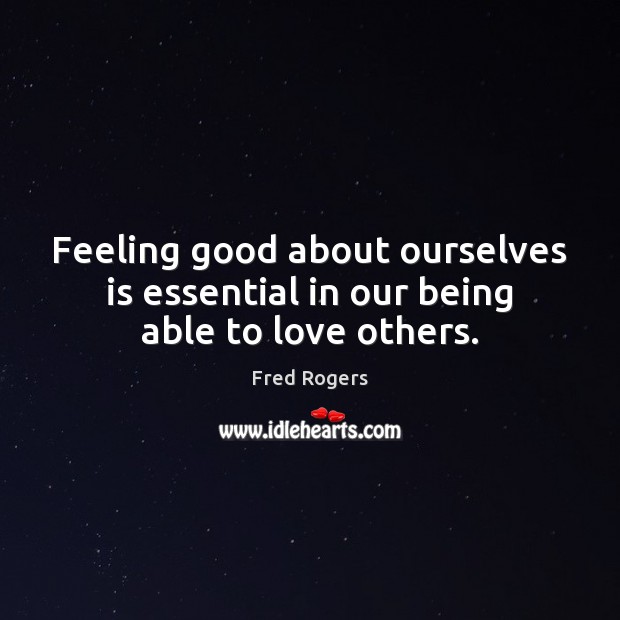 Feeling good about ourselves is essential in our being able to love others. Fred Rogers Picture Quote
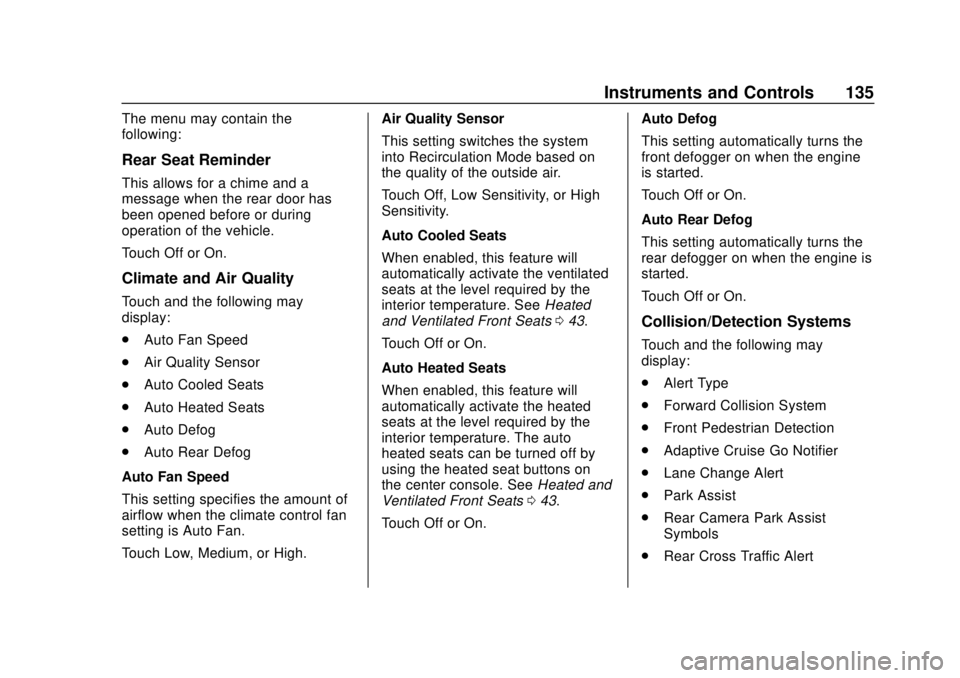 CHEVROLET EQUINOX 2020 Owners Manual Chevrolet Equinox Owner Manual (GMNA-Localizing-U.S./Canada/Mexico-
13555863) - 2020 - CRC - 8/2/19
Instruments and Controls 135
The menu may contain the
following:
Rear Seat Reminder
This allows for CHEVROLET EQUINOX 2020 Owners Manual Chevrolet Equinox Owner Manual (GMNA-Localizing-U.S./Canada/Mexico-
13555863) - 2020 - CRC - 8/2/19
Instruments and Controls 135
The menu may contain the
following:
Rear Seat Reminder
This allows for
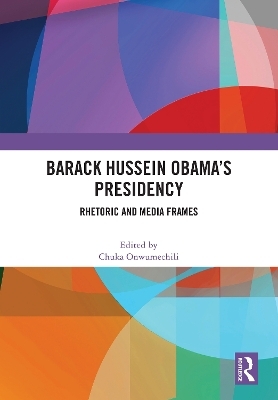 Barack Hussein Obama’s Presidency - 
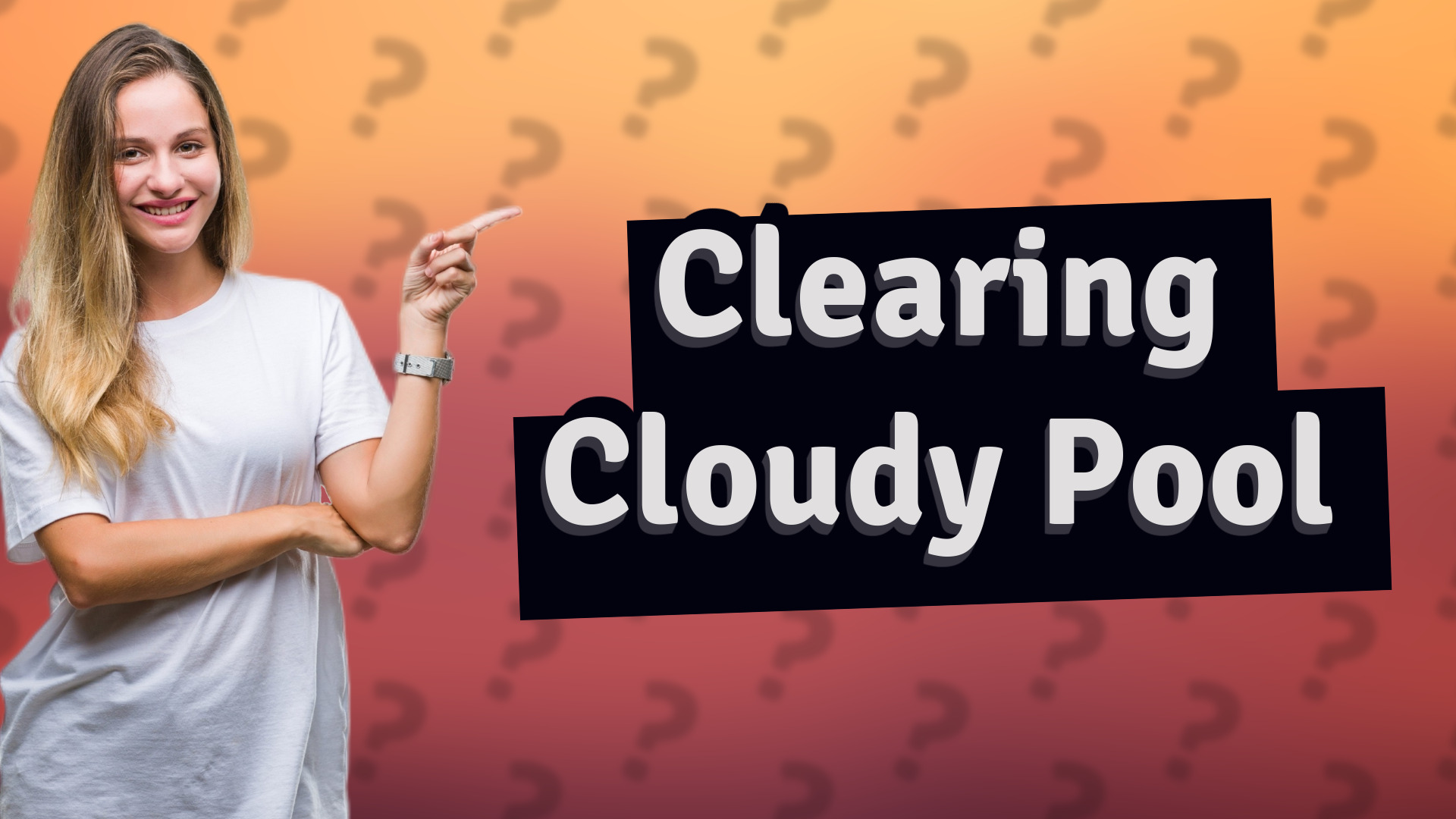 Clearing Cloudy Pool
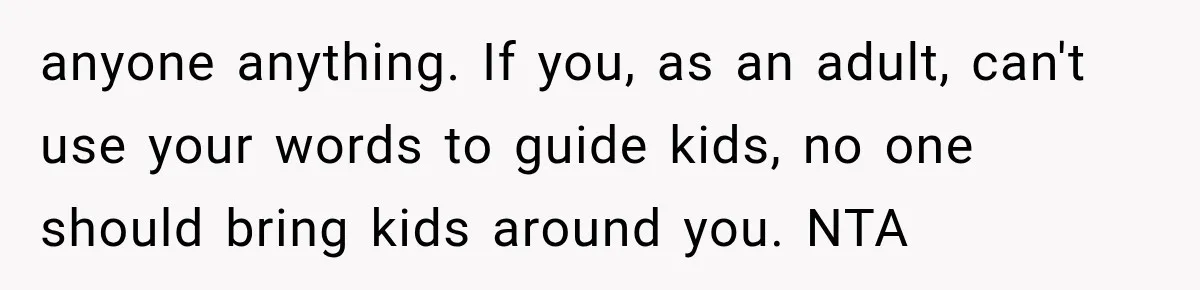 anyone anything. If you, as an adult, can't use your words to guide kids, no one should bring kids around you. NTA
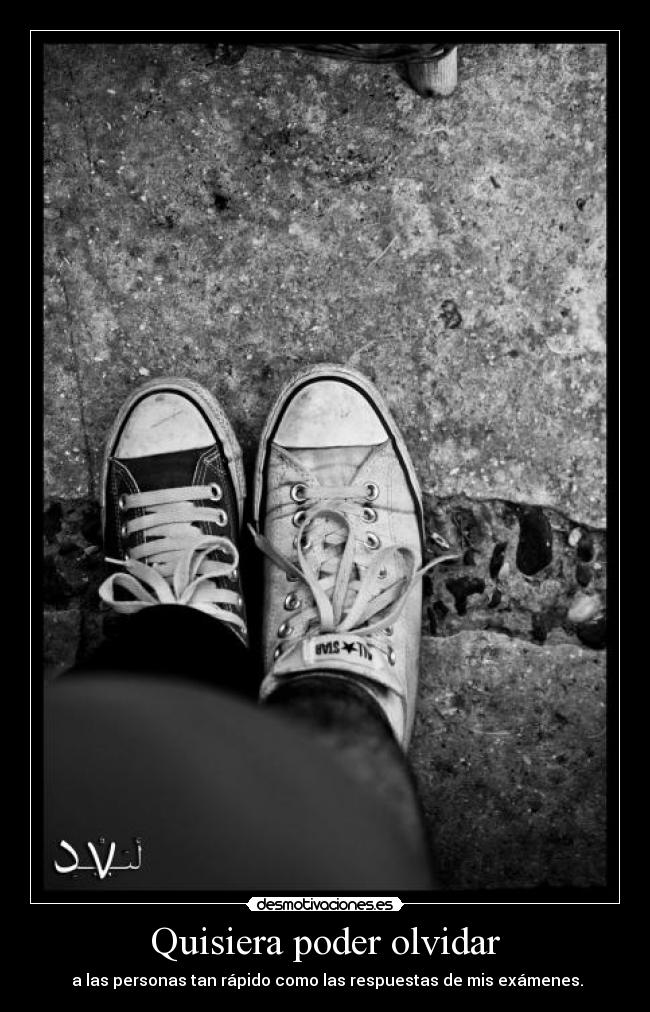 Quisiera poder olvidar - a las personas tan rápido como las respuestas de mis exámenes.
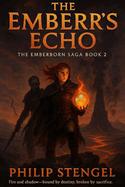 The Ember's Echo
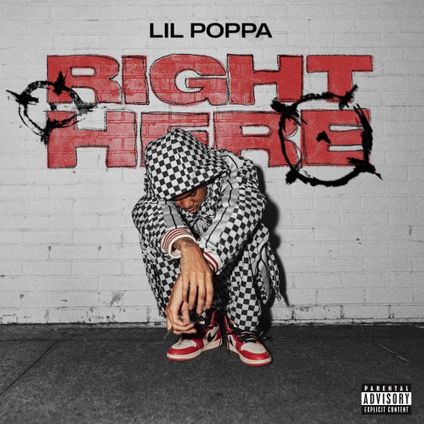 Lil Poppa - Right Here Lyrics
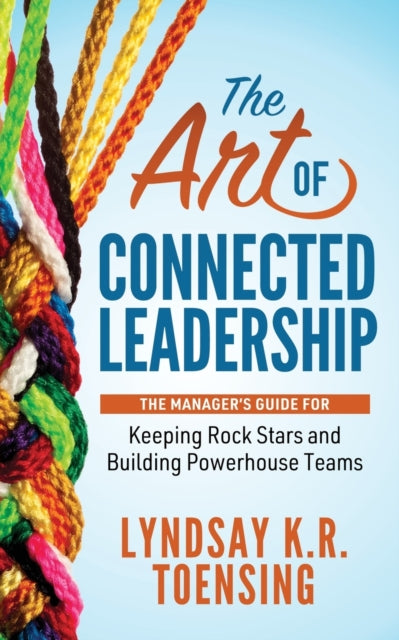 Art of Connected Leadership: The Manager's Guide for Keeping Rock Stars and Building Powerhouse Teams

──────

GOAL OF THE EXERCISE: Repeat all entries exactly, pictures excluded.

EXPECTED OUTPUT:
 Feeling good about ourselves is essential in our being able to love others. Fred Rogers Picture Quote
 CHEVROLET EQUINOX 2020 Owners Manual Chevrolet Equinox Owner Manual (GMNA-Localizing-U.S./Canada/Mexico-
13555863) - 2020 - CRC - 8/2/19
Instruments and Controls 135
The menu may contain the
following:
Rear Seat Reminder
This allows for CHEVROLET EQUINOX 2020 Owners Manual Chevrolet Equinox Owner Manual (GMNA-Localizing-U.S./Canada/Mexico-
13555863) - 2020 - CRC - 8/2/19
Instruments and Controls 135
The menu may contain the
following:
Rear Seat Reminder
This allows for
 Barack Hussein Obama’s Presidency - 
 Clearing Cloudy Pool
 anyone anything. If you, as an adult, can't use your words to guide kids, no one should bring kids around you. NTA
 Quisiera poder olvidar - a las personas tan rápido como las respuestas de mis exámenes.
 The Ember's Echo
 Lil Poppa - Right Here Lyrics
 Art of Connected Leadership: The Manager's Guide for Keeping Rock Stars and Building Powerhouse Teams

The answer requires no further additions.